During a time when Afghanistan is rife with conflict between the Taliban, ISIS, and the government, when civilians are speaking and protesting for their rights and liberties, Japan is providing aid to make this war-torn country a better place.
Since the Afghanistan War started in 2001, Japan has supported Afghanistan not in military actions, but in rebuilding their country from the destruction.
Human rights have been a hot-button issue in Afghanistan.
Advancements in women’s rights are underway, but face many challenges. Females can become public officials, for example, however they face much scrutiny. Sima Joyenda, a governor of Afghanistan, was forced out of office in 2015 after facing death threats (Human Rights Watch).
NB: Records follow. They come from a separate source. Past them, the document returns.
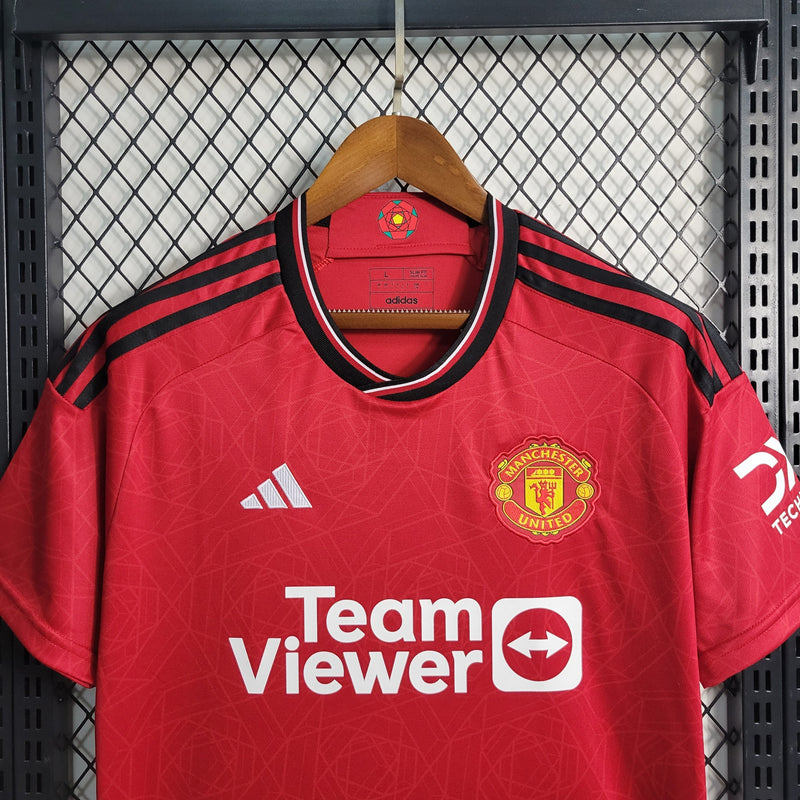 Camisa Manchester United Home 23/24 - Adidas Torcedor Masculina - (Importação)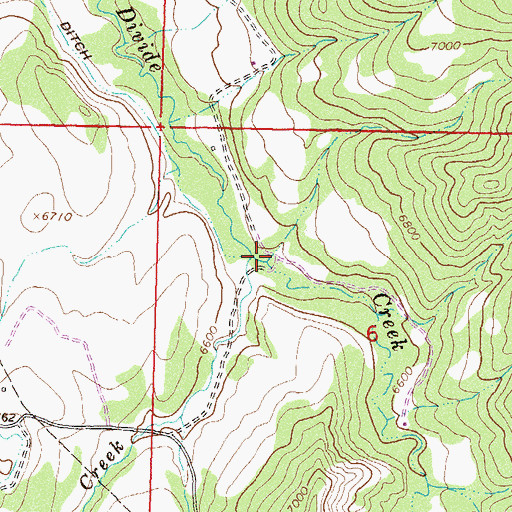 Topographic Map of Clear Creek, CO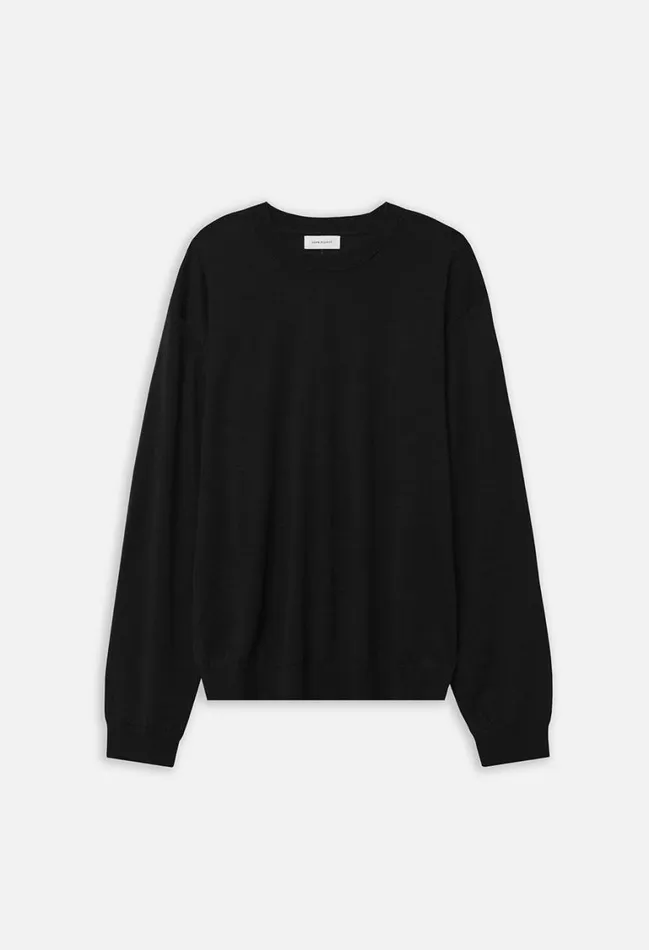 John Elliott Knitwear Cashmere Wool Blend Crew Black 8211 Men John Elliott Knitwear Cashmere Wool Blend Crew Black 8211 Men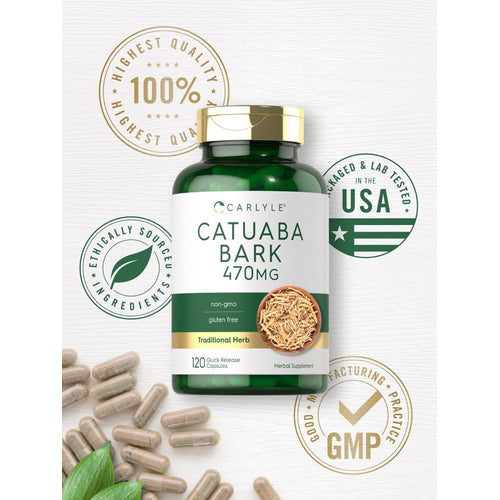 View 5 Corteza de Catuaba 470mg | 120 Cápsulas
Despite the hostility of the public, the government reappointed Joyenda as deputy governor of the Kabul province. The government is making a tangible effort in appointing female leaders, but face issues from civilian resistance.
Nonetheless, it is important for the government to support female empowerment and normalize gender equality.
Along with human rights issues, President Ashraf Ghani of Afghanistan is in a tough position politically. With the Taliban increasing attacks, Ghani must increase security forces to protect his country.
His circle of political consultants has grown smaller (New York Times), problematic especially during a time when the vice president is facing criminal charges. When facing opposition from all around, it is very difficult for a leader to know who he can trust. Afghanistan persists.
Japan has agreed to give Afghanistan $10 million in aid. This money will go towards a variety of organizations aiming to improve the social and economic condition of Afghanistan (Tolo News).
In the past fifteen years, Japan has provided even more monetary aid with $6.4 billion donated “in areas of disarmament, demobilization, and reintegration, reconstruction, building roads and buildings, strengthening agriculture and irrigation, education, health, repairing and preservation of historic heritage” (Pajhwok Afghan News).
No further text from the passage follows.